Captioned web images
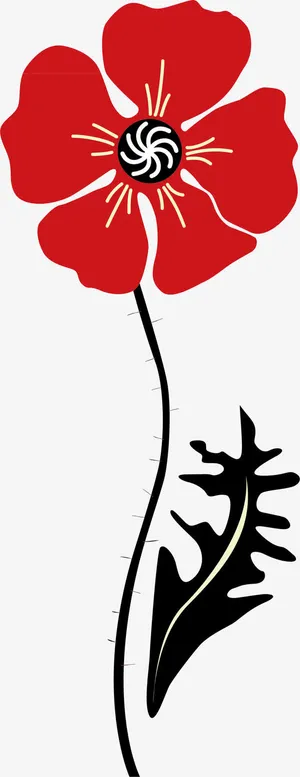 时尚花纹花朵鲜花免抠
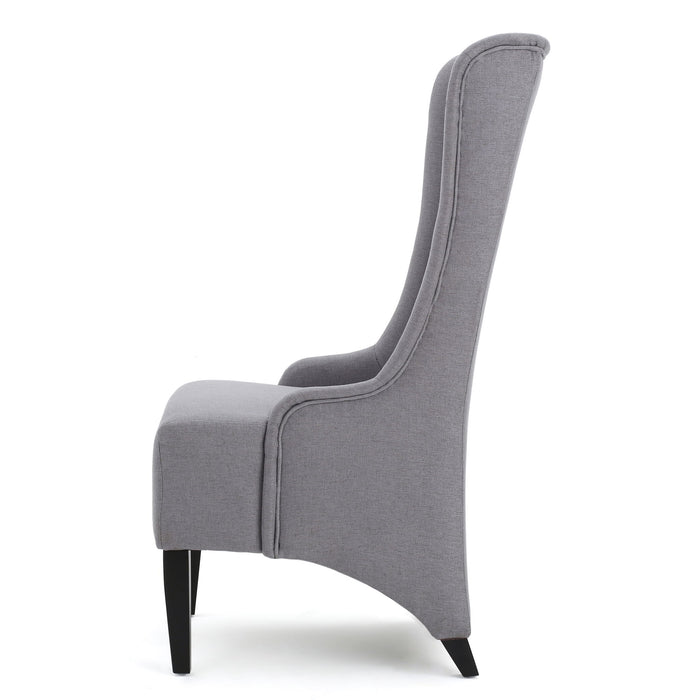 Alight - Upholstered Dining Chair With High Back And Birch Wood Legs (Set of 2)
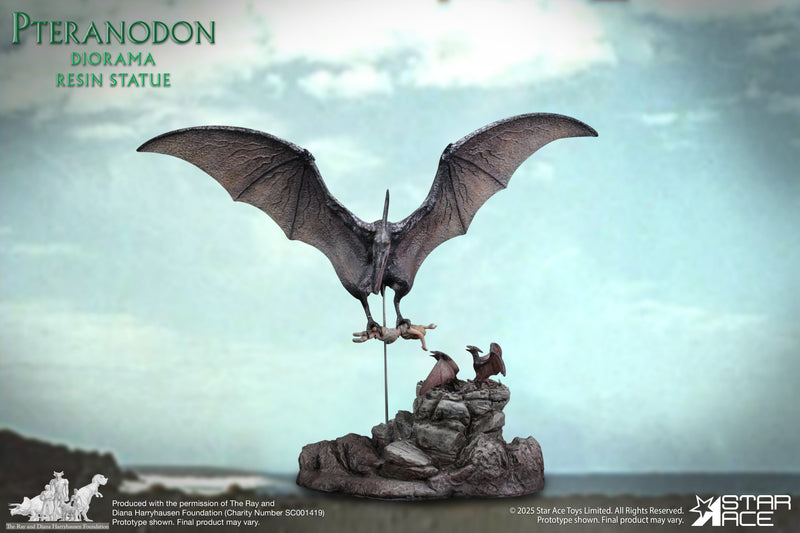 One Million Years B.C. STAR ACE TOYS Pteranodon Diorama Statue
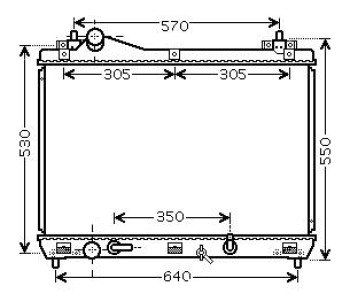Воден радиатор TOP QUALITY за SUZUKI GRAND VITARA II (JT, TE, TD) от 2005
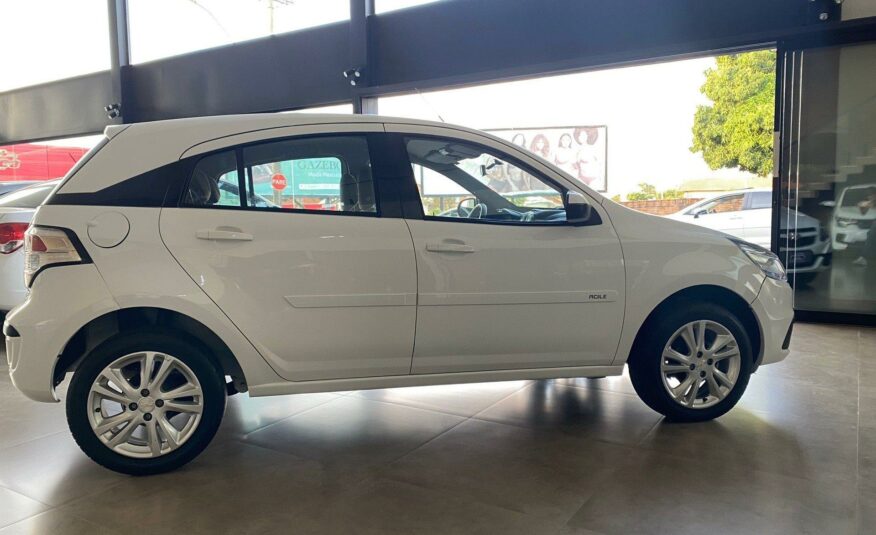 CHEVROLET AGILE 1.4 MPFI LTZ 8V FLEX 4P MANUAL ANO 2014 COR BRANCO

[Task to carry out]: Return every line shown above without changing a word, and skip the pictures.

[Completed task]:
 时尚花纹花朵鲜花免抠
 Alight - Upholstered Dining Chair With High Back And Birch Wood Legs (Set of 2)
 One Million Years B.C. STAR ACE TOYS Pteranodon Diorama Statue
Воден радиатор TOP QUALITY за SUZUKI GRAND VITARA II (JT, TE, TD) от 2005
 CHEVROLET AGILE 1.4 MPFI LTZ 8V FLEX 4P MANUAL ANO 2014 COR BRANCO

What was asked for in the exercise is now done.